Essa famosa cena do gelo não é apenas um teste à coragem de Gish como atriz, mas também uma demonstração da visão técnica de Griffith. A cinematografia de Way Down East, assinada por G. W. Bitzer, aproveita os cenários naturais para acentuar a luta interna e externa de Anna. Bitzer, colaborador constante de Griffith, constrói com maestria os contrastes visuais entre a segurança e a ameaça, a calma e o caos, utilizando a natureza para refletir o estado emocional da protagonista. Este uso simbólico da paisagem e dos elementos naturais em prol da narrativa, com montagens entre cortes amplos e close-ups, marca uma construção visual sólida que se destaca em um cinema que ainda experimentava com as possibilidades expressivas da câmera.

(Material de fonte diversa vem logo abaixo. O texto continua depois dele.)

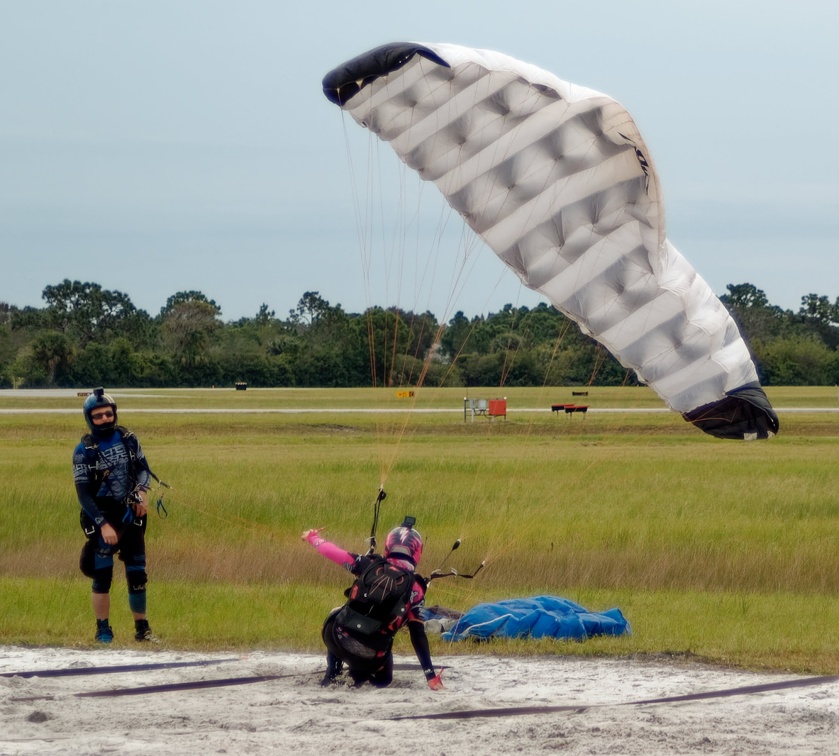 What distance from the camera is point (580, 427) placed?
39344 millimetres

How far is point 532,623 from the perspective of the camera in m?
9.10

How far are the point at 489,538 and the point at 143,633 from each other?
614 centimetres

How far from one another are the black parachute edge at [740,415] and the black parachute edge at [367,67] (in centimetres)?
306

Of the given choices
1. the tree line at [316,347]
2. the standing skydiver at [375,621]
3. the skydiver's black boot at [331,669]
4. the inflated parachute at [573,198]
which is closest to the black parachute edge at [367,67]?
the inflated parachute at [573,198]

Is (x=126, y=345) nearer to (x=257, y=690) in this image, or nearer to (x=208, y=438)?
(x=208, y=438)

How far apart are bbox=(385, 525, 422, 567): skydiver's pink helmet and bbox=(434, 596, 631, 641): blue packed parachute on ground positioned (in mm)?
1608

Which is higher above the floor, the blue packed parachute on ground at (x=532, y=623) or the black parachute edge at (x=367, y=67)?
the black parachute edge at (x=367, y=67)

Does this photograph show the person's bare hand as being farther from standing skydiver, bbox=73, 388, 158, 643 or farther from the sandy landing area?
the sandy landing area

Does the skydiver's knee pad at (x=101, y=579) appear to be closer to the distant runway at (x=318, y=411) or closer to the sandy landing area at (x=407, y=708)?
the sandy landing area at (x=407, y=708)

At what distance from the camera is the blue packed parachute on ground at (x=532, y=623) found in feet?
29.6

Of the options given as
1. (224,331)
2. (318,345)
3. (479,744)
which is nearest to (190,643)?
(479,744)

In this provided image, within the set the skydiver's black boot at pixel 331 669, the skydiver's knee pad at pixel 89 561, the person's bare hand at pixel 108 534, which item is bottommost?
the skydiver's black boot at pixel 331 669

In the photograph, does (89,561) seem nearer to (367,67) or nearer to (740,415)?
(367,67)

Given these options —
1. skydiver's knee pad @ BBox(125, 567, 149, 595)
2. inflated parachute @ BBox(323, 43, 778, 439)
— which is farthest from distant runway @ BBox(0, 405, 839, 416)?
skydiver's knee pad @ BBox(125, 567, 149, 595) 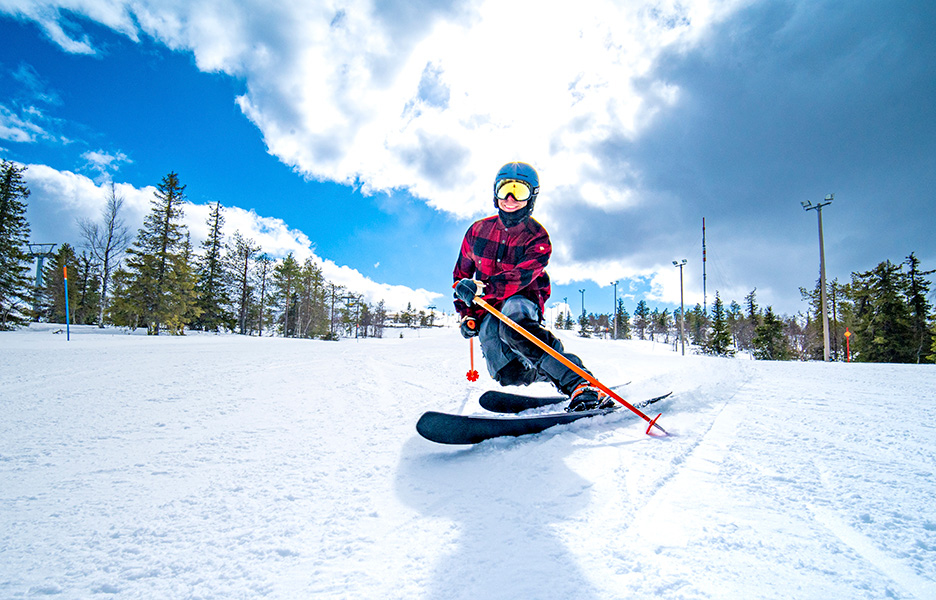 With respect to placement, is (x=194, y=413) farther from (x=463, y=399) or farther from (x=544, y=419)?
(x=544, y=419)

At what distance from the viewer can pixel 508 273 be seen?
3.28 metres

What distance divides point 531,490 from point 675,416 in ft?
5.74

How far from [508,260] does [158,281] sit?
30440 millimetres

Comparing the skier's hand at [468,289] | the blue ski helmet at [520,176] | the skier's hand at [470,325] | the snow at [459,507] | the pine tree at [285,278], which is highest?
the pine tree at [285,278]

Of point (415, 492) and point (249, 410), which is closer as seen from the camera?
point (415, 492)

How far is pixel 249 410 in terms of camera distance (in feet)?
8.94

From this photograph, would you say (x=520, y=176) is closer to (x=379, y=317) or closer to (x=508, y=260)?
(x=508, y=260)

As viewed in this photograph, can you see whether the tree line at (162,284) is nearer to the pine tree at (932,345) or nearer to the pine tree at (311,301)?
the pine tree at (311,301)

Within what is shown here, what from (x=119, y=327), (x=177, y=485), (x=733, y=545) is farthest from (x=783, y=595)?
(x=119, y=327)

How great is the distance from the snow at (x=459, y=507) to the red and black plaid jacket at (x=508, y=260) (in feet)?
4.38

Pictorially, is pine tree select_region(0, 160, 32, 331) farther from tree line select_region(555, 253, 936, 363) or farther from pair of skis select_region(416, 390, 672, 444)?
tree line select_region(555, 253, 936, 363)

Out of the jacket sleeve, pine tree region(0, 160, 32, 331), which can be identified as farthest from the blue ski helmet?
pine tree region(0, 160, 32, 331)

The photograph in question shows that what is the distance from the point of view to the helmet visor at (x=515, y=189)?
3322 mm

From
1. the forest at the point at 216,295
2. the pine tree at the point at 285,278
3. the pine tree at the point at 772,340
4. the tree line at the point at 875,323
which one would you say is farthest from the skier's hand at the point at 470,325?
the pine tree at the point at 772,340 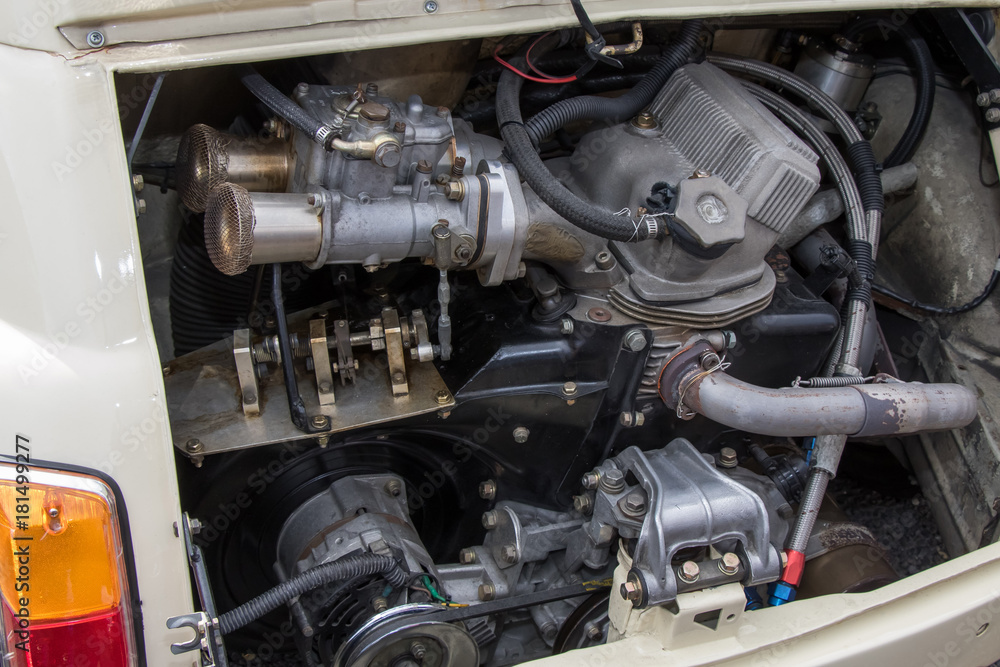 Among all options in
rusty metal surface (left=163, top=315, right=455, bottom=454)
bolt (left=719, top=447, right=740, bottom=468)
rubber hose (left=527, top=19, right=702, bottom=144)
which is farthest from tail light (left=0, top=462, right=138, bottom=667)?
bolt (left=719, top=447, right=740, bottom=468)

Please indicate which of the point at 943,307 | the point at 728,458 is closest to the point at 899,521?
the point at 943,307

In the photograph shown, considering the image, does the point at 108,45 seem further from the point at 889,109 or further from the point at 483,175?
the point at 889,109

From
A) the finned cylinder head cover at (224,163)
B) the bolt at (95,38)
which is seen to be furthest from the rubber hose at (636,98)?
the bolt at (95,38)

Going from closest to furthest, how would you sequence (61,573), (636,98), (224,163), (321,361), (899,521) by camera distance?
(61,573) < (224,163) < (321,361) < (636,98) < (899,521)

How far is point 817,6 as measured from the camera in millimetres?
1578

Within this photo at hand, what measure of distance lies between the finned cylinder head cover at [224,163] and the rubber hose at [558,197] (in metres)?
0.43

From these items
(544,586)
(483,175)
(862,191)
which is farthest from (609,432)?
(862,191)

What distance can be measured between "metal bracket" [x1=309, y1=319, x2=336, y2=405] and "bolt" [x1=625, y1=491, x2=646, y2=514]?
2.07 feet

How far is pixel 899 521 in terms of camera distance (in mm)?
2578

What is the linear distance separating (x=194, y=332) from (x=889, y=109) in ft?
6.59

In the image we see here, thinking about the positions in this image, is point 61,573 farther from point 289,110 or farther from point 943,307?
point 943,307

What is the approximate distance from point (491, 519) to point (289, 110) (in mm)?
992

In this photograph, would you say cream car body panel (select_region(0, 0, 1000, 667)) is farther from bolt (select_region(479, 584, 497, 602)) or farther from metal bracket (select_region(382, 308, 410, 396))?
bolt (select_region(479, 584, 497, 602))

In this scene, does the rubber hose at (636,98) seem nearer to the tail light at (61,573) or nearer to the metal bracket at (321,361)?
the metal bracket at (321,361)
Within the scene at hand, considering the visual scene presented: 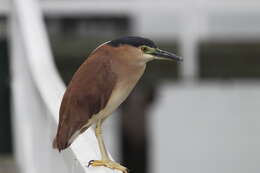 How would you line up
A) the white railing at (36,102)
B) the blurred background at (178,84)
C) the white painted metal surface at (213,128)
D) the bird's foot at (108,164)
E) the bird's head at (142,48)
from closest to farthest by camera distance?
the bird's head at (142,48) < the bird's foot at (108,164) < the white railing at (36,102) < the blurred background at (178,84) < the white painted metal surface at (213,128)

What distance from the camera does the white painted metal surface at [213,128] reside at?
9484 millimetres

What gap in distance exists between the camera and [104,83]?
89.2 inches

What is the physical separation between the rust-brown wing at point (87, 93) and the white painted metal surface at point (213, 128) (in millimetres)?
6762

A montagem de Way Down East, ao mesmo tempo que se beneficia da maestria de Griffith na construção do ritmo dramático, apresenta ocasionalmente um problema de ritmo, algo que é acentuado pela duração extensa. Em certos momentos, o filme parece insistir em cenas de diálogos e monólogos silenciosos que poderiam ser mais curtas, sobretudo no que diz respeito ao desenvolvimento inicial do romance entre Anna e Lennox. Esses momentos, enquanto atuam para estabelecer a ingenuidade de Anna e o caráter dúbio de Lennox, acabam também por desacelerar o desenvolvimento da trama. No entanto, Griffith compensa essa dilatação com sequências impactantes e decisivas, mostrando sua habilidade em manter o público investido nas tribulações de sua protagonista.

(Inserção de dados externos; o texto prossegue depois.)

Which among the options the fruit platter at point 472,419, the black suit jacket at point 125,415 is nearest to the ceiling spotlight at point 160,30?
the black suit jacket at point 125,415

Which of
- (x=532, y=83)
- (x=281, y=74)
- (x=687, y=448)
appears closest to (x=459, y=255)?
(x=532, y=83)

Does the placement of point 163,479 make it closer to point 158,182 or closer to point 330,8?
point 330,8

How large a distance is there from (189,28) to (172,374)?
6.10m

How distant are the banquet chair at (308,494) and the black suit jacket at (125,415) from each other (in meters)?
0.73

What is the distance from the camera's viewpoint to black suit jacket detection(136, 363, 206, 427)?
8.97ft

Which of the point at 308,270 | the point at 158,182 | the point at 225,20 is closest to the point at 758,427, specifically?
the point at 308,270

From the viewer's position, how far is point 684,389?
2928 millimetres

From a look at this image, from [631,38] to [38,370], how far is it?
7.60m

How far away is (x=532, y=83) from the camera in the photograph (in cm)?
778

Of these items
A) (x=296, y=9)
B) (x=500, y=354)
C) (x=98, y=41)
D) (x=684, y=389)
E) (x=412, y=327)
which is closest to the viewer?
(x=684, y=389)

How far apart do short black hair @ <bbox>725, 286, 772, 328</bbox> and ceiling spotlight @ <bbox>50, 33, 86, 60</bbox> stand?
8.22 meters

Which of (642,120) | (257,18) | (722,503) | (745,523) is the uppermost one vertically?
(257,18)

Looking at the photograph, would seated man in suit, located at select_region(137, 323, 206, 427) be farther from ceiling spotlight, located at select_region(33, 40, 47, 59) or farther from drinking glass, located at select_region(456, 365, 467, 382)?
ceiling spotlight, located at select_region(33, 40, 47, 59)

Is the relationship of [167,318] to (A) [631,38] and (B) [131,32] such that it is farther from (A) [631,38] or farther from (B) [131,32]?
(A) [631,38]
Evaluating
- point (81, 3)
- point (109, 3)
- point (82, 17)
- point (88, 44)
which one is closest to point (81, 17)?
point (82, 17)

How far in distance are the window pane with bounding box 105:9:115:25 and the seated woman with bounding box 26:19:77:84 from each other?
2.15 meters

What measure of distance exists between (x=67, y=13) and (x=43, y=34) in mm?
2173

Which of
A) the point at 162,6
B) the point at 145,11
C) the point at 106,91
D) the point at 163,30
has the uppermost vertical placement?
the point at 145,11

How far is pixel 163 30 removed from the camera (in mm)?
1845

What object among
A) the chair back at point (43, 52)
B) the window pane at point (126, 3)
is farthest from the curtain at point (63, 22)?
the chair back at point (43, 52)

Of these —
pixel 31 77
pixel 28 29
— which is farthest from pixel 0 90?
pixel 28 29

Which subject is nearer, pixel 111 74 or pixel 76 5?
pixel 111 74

Outro aspecto interessante de Inocente Pecadora é seu papel social. O filme faz uma crítica implícita à moralidade vitoriana, questionando o papel da mulher na sociedade e a opressão que a cerca. Ao retratar Anna como uma personagem vítima das convenções, Griffith escancara as injustiças enfrentadas por mulheres de seu tempo, uma escolha narrativa que desafia as normas culturais de 1920. No entanto, paradoxalmente, o filme também reforça alguns valores conservadores, como a revalorização da pureza feminina e a punição quase imediata da falta moral. Essa ambivalência reflete a própria sociedade americana da época, que ainda caminhava lentamente para uma mudança de paradigmas em relação ao papel da mulher.
O som, ou melhor, a ausência dele, é compensado por uma trilha musical composta para acompanhar as exibições do filme. Na época, as apresentações contavam com músicos ao vivo que variavam a trilha sonora de acordo com o tom das cenas. As partituras criadas para Way Down East usavam a música como um veículo para enfatizar o pathos da narrativa, principalmente nas cenas mais dramáticas e nos momentos de perigo. A música, assim, se torna um personagem coadjuvante, amplificando o impacto emocional que Griffith desejava imprimir no público.

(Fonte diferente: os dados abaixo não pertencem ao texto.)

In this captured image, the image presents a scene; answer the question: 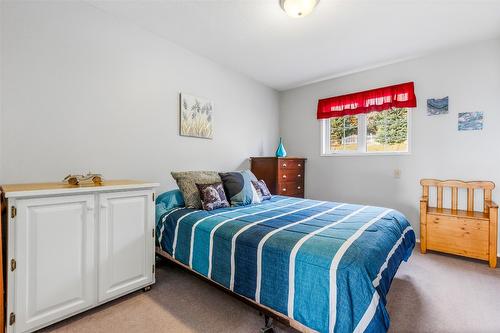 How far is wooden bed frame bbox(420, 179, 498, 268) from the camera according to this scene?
8.18 ft

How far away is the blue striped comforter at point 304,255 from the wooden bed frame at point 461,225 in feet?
2.96

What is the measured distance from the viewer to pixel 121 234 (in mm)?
1825

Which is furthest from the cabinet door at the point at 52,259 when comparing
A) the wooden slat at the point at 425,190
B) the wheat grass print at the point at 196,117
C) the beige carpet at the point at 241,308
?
the wooden slat at the point at 425,190

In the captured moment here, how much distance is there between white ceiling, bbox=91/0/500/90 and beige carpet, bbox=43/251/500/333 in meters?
2.48

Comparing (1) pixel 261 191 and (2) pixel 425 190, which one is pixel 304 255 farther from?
(2) pixel 425 190

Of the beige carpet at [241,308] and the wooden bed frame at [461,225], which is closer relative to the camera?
the beige carpet at [241,308]

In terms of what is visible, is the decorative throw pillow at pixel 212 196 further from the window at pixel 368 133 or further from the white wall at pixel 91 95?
the window at pixel 368 133

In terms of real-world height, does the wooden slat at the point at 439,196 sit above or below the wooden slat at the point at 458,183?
below

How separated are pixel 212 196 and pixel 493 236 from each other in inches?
114

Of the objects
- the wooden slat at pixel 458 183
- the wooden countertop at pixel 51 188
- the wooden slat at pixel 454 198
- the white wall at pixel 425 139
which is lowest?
the wooden slat at pixel 454 198

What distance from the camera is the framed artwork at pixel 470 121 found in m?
2.79

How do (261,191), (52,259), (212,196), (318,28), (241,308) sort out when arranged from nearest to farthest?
1. (52,259)
2. (241,308)
3. (212,196)
4. (318,28)
5. (261,191)

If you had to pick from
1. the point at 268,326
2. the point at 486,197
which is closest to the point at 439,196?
the point at 486,197

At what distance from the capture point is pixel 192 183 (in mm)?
2492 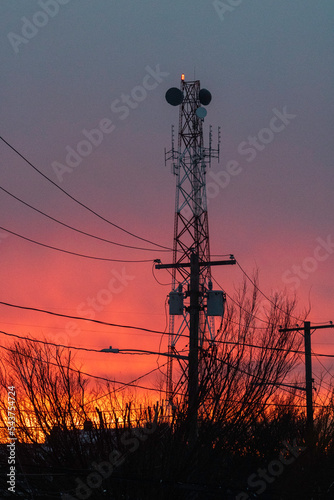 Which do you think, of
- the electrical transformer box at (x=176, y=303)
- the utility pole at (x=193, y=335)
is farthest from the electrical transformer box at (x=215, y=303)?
the electrical transformer box at (x=176, y=303)

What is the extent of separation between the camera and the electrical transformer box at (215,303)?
62.8ft

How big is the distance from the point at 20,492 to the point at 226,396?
4.91 meters

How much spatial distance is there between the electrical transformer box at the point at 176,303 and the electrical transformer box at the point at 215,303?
994 mm

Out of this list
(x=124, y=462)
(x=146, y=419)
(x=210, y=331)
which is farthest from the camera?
(x=210, y=331)

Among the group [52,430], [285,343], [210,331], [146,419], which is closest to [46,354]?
[52,430]

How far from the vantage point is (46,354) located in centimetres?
1330

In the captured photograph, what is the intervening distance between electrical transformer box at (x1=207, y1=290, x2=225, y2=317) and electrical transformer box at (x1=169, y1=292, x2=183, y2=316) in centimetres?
99

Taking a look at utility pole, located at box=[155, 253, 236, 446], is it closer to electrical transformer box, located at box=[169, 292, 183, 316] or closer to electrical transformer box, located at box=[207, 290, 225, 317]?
electrical transformer box, located at box=[207, 290, 225, 317]

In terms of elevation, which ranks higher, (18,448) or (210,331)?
(210,331)

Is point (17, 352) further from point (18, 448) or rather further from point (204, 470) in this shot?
point (204, 470)

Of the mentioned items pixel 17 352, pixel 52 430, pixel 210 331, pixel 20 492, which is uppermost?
pixel 210 331

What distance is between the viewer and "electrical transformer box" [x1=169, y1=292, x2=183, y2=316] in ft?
64.5

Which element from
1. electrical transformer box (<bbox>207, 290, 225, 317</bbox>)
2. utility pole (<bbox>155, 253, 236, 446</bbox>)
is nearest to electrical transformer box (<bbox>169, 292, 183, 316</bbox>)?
utility pole (<bbox>155, 253, 236, 446</bbox>)

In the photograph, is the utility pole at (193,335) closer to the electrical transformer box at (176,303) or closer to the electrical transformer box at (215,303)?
the electrical transformer box at (215,303) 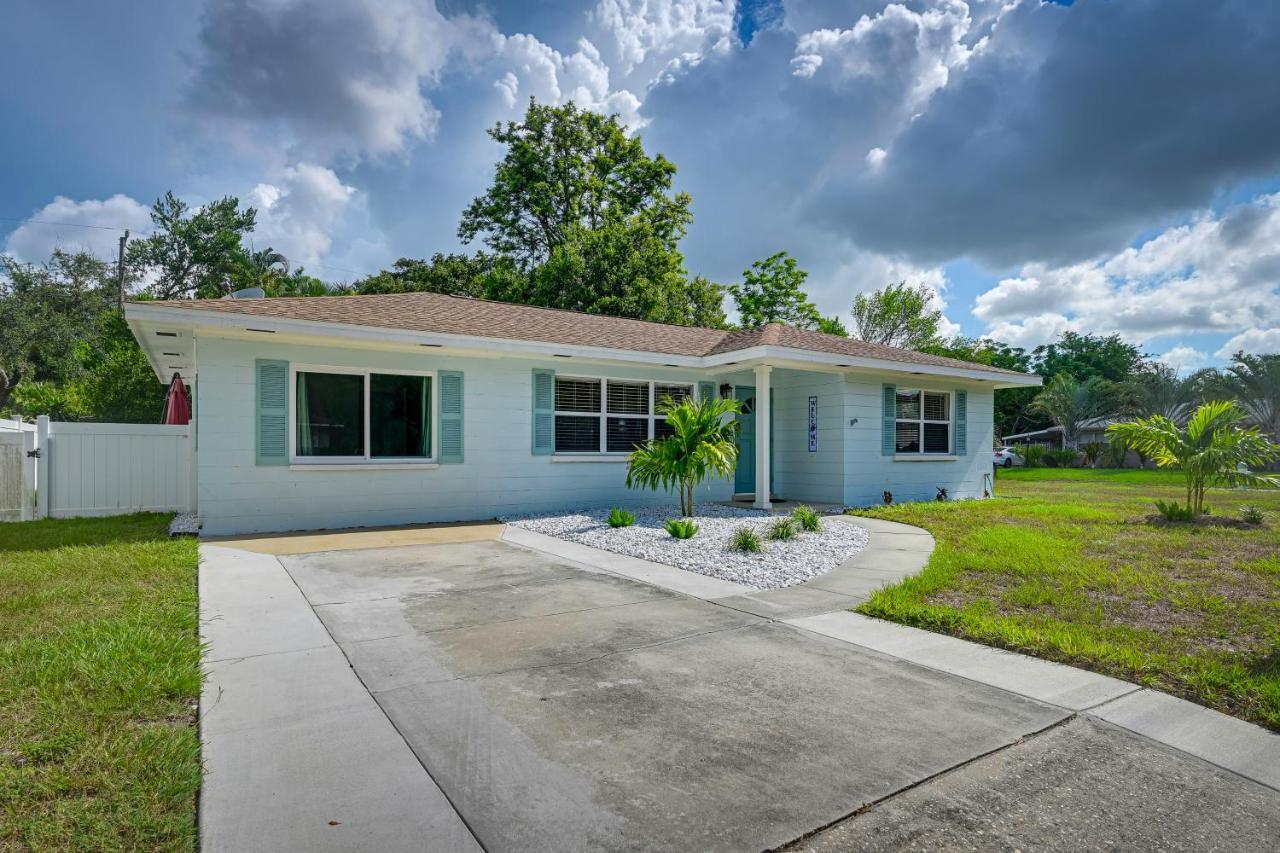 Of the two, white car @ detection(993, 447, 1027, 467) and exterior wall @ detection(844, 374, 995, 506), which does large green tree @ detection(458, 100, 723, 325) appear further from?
white car @ detection(993, 447, 1027, 467)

Inocente Pecadora não é apenas um dos filmes mais emblemáticos de Griffith; é também um reflexo do cinema mudo em sua fase de ouro, quando as limitações técnicas forçavam os cineastas a experimentar. Enquanto alguns elementos podem parecer datados para o espectador contemporâneo, a ousadia de Griffith ao filmar sob condições extremas e a atuação notável de Gish garantem ao filme uma relevância duradoura. Em última análise, Way Down East se afirma como uma peça essencial para entender o cinema da era silenciosa, e, mesmo que a duração ou a narrativa possam se arrastar para alguns, é inegável o poder emocional que Griffith e Gish conseguem transmitir em uma história que, até hoje, permanece como um dos grandes melodramas do cinema mudo.